Hello,
We want to implement a multigenomic database, our goal is to store information from multiple Enterobacteriaceae (E. Coli, Salmonella, Shigella, etc...). This kind of information would be related to its transcriptional regulation (Genes, Products, Transcription Factors, Promoters, Transcription Units... and the final approach would be to store them in MongoDB.
What would be a correct approach to fulfill this requirement?
So far, we have seen three different solutions:
1. The first one is to store all the organisms data in one single database and save the information into different collections based on the entity: collectionGene, collectionProduct, collectionTranscriptionFactor...
With this solution you will have collections per entity from all the organisms, one collection of genes containing all genes of all organisms into one collection.
2. The second one is to store all the organisms data in one single database but in this case it will be through different collections based on the bacterium and the entity that is been stored: ecoli.collectionGene, salmonella.collectionGene, shigella.collectionGene...
With this solution you will have all the organisms in one database but separated through collections, one collection of genes for ecoli organism, one collection genes for salmonella...
3. The third and last one solution is to store one organism per database. For this example we would have 3 MongoDB databases, one for E. Coli, one for Salmonella and one for Shigella. and the collection would be based on the type of entity, like in the first solution but with only one organism information.
With this solution you will have the information from the organisms isolated, but may require more resources for its maintenance.
Final thoughts
Perhaps the first and second solution would be better. So far we have information of E. Coli's regulation in a relational database and is no more than 500mb, databases seem to be small but we will store all data releases versions, so it might end up being more than 10gb for each organism.
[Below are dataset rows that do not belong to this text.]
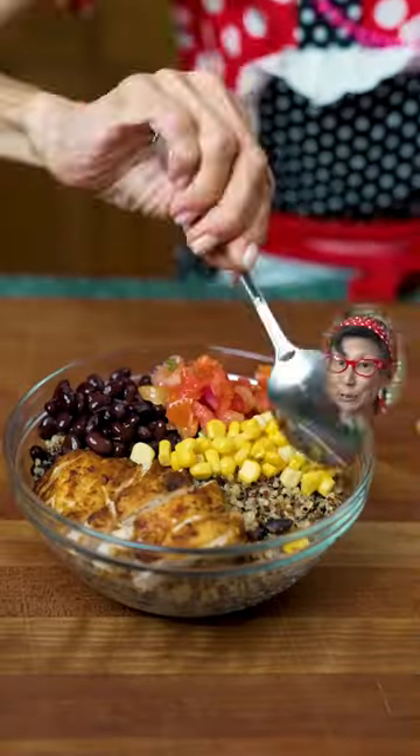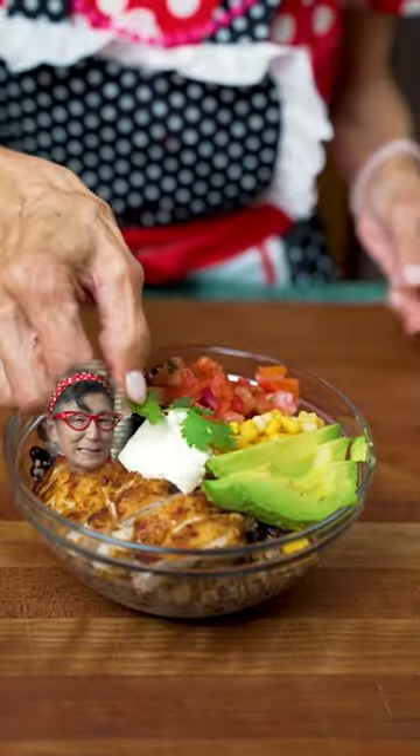Chicken, beans, salsa, corn, avocado, sour cream, and cilantro. It looks so delicious. Mmm, fantastic.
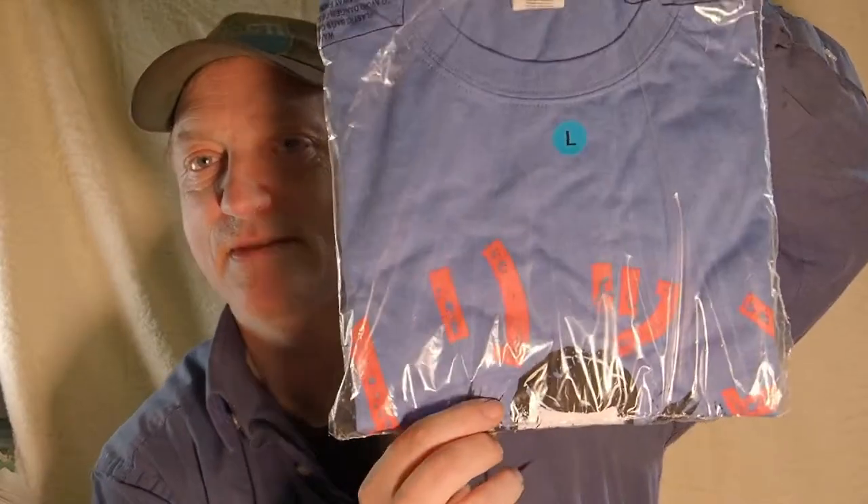Now the t-shirt is the Flip Gordon one. As it happens, I have already opened the monthly crate with the Flip Gordon t-shirt, so this is a second one that I have. Since I'm keeping one in good plastic condition, I can open the other one and wear it. I'll keep one in collector-type state and wear the other, since there's no point having two sealed copies.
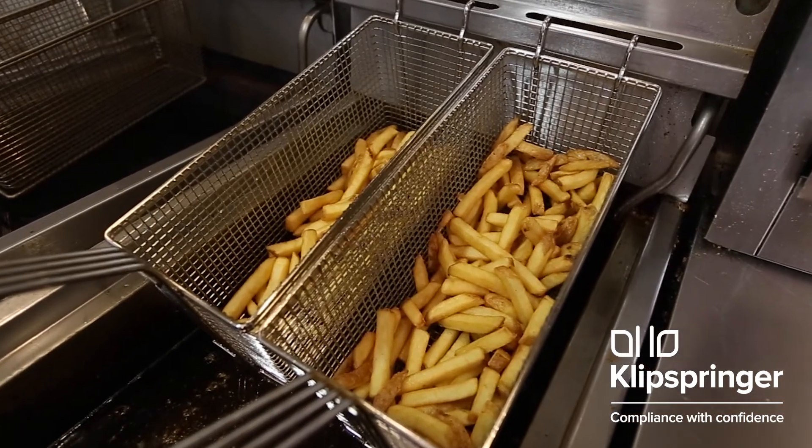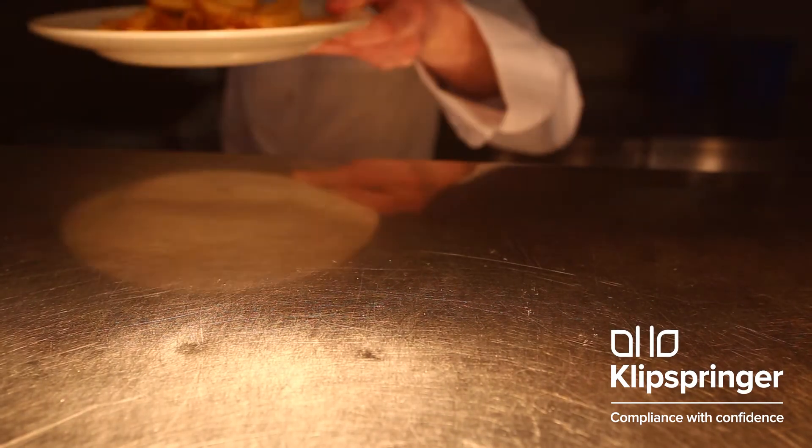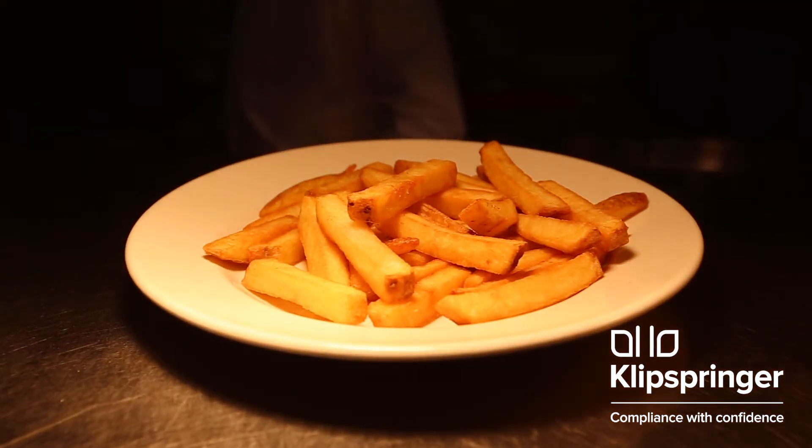Not only is this necessary for safe food, it also helps you achieve consistency from day to day and from location to location.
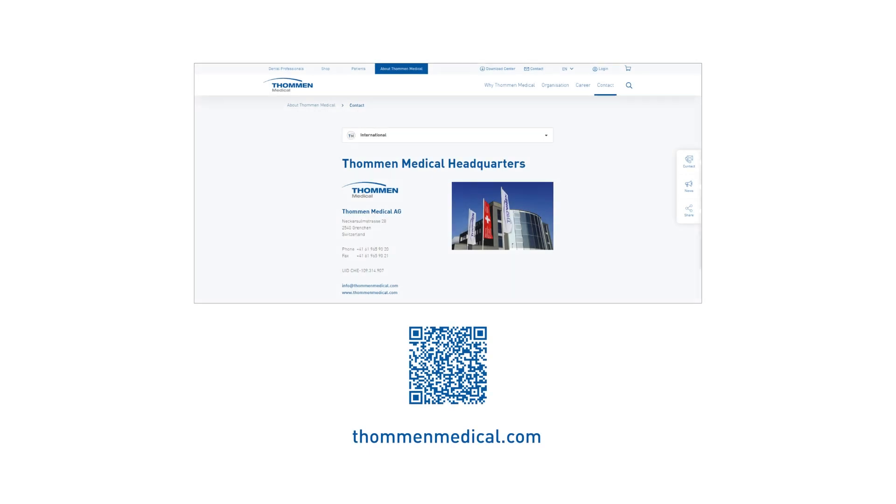For further information, please refer to the surgical procedure instructions for use or contact your local Tommen Medical Advisor.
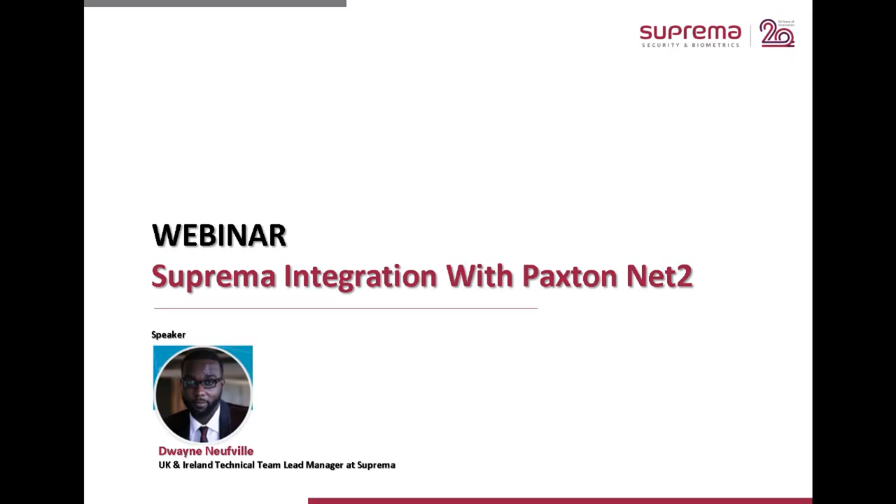My name is Dwayne Newville. I started out working in BioConnect and then after relocating to the UK, I came under the Suprema umbrella. Suprema is the manufacturer of the biometric devices that you see and use in your day-to-day business. I've been working in the technical department for the last four years, and recently we won the Hermes Creative Award for a case study with Leicester City using our readers and Paxton in a joint solution.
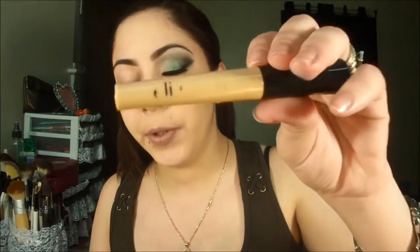Well, let's start. I'm going to use a primer. This is the look for the day that costs $1.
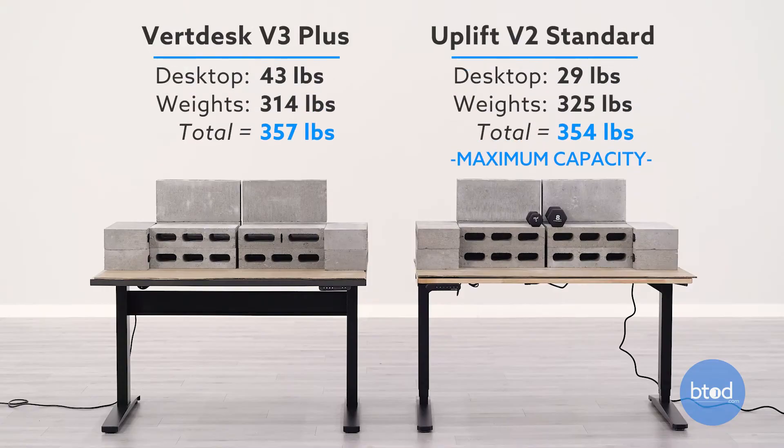For our third capacity test, we will be maxing out the Uplift V2 product. If you remember, this is a max capacity of 355 pounds. So to get there, we have 12 cinder blocks plus the weight of the surface and an additional 11 pounds in dumbbells. On the VertDesk V3 Plus, this is set a little bit above that — to keep it simple, we have 12 cinder blocks plus the weight of the work surface. With that, let's go ahead and get started with the third test.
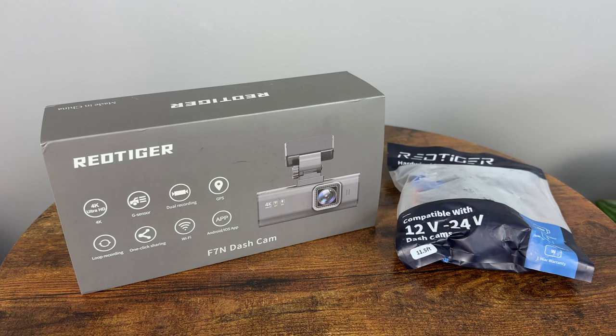I've been hunting for a high quality modern dash camera that doesn't break the bank, and today I have another candidate. This is a Rattiger F7n dual dash camera that offers WiFi, GPS, HDR, and 4K resolution all for under $150. Let's see what comes in the box, take some driving footage, and see if it's worth it.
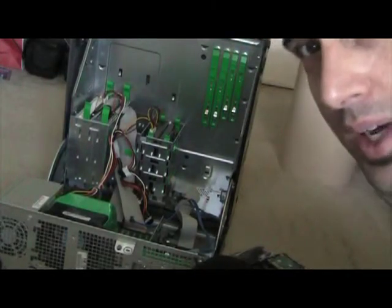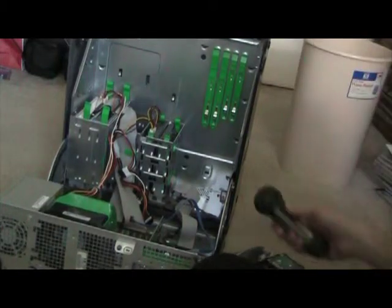It's unfortunate there's a blackout right now — this is all the light I really have. Here's the hard drives.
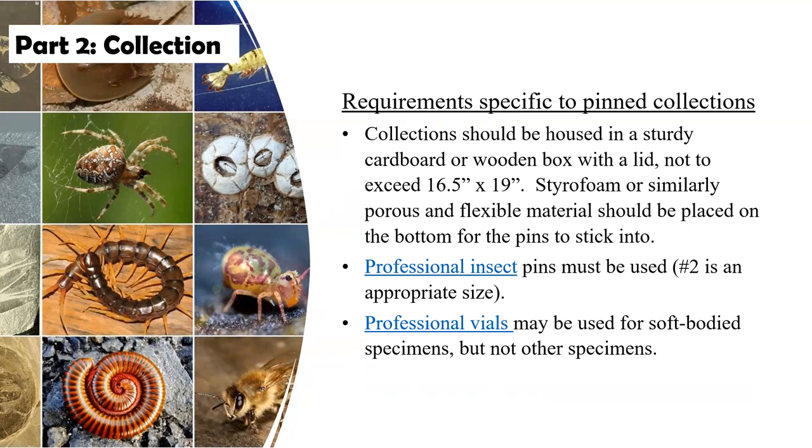Science Olympiad provides access to resources including professional insect pins and professional vials. If you go on the website, this presentation is there as a PDF — you can click on the hot links and it will take you right to the page within the Science Olympiad website where you can purchase those items. The vials are for soft-bodied specimens. Some spiders are very difficult to pin, so you may collect those and put them in a vial with isopropyl alcohol, which is available at your local pharmacy. There are also videos on the website through Science Olympiad that show you how to use the pins and vials properly.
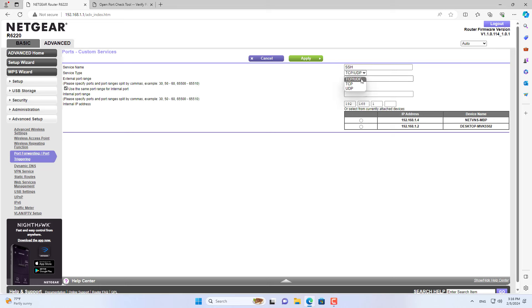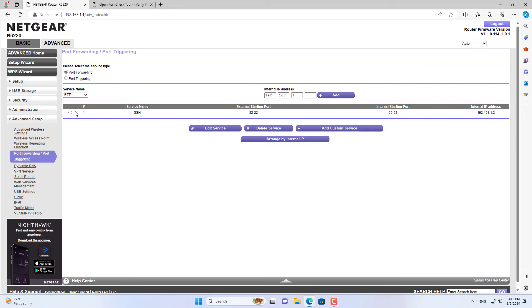Here you create a new custom service or use Define Services. I created a new custom service. Next, you forward the port to the destination IP address in your local network.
Based on this solutions the last one will require more resources in order to maintain it but with the possibility to scale each database independently, but, then again, one database per organism may seem like an overkill...
What are your thoughts for a case scenario like this? I would like to read your opinions
Thanks for your time...
Your data is already in a database. The size is negligible (by database standards) and you are already familiar with it. Why are you moving to MongoDB?
I forgot to mention that it will end up containing all the versions that are being released, so far for E. Coli we got more than 10gb. We are moving to MongoDB because we need a schema less database, the reason is that we can't control the model of each entity and there are cases where the model changes.
The benefit of MondoDB is that it's schema-less, but that is also its flaw. You can store anything in it, but you will eventually need to retrieve those contents. If you have a field in a relational database, you can assume certain things about it. For example, you may have seq_length and it can't be NULL and it must be an integer. When you query for average seq_length, you have some confidence that you are actually getting the average length across all records. With something like MongoDB, you can't guarantee that, so you will need to write additional code to perform those sanity checks.
Another benefit of MongoDB is native partitioning/sharding. If your data size is on the order of GBs (can fit on a single machine), that's not really a concern.
But isn't schema validation fulfilling the requirements for a valid schema?
https://docs.mongodb.com/manual/core/schema-validation/
Perhaps I'm missing something since I have only read it but not applied it.
Thanks for all your help
That's a relatively new feature. Thanks for pointing it out. I haven't been following MonogDB very closely.
Seems odd to have scheme validation in a database that is schema-less.
My recommendation is to not over-optimize unless this is a personal project for learning purposes.
There are three main considerations here all related to scale:
How many concurrent users do you expect to be using this database?
Is this pre-dominantly a read-only database where users query for info?
How large do you expect this database to get?
If you are expecting dozens of concurrent users, predominantly read-only database, and the size to be less than 10GB, I wouldn't even bother with a database. Load it all as a python dictionary and serve the data with Flask.
I already edit the post since I forgot to mention that it might end up being more than 10gb. We also want to share the database so users might load it in their local repository.
Mongodb is just a database engine. It stores binary-encoded JSON underneath. It integrates well with expressJS web applications and related middleware. You may or may not need JSON. You may or may not be writing a web app. If you do, or if you are, if your data are naturally JSON structured, then you might look into Mongodb. If not, look into an indexed SQL database like PostreSQL or SQlite or MariaDB (MySQL).
Thank you for your reply. Yes, our data is naturally JSON structured.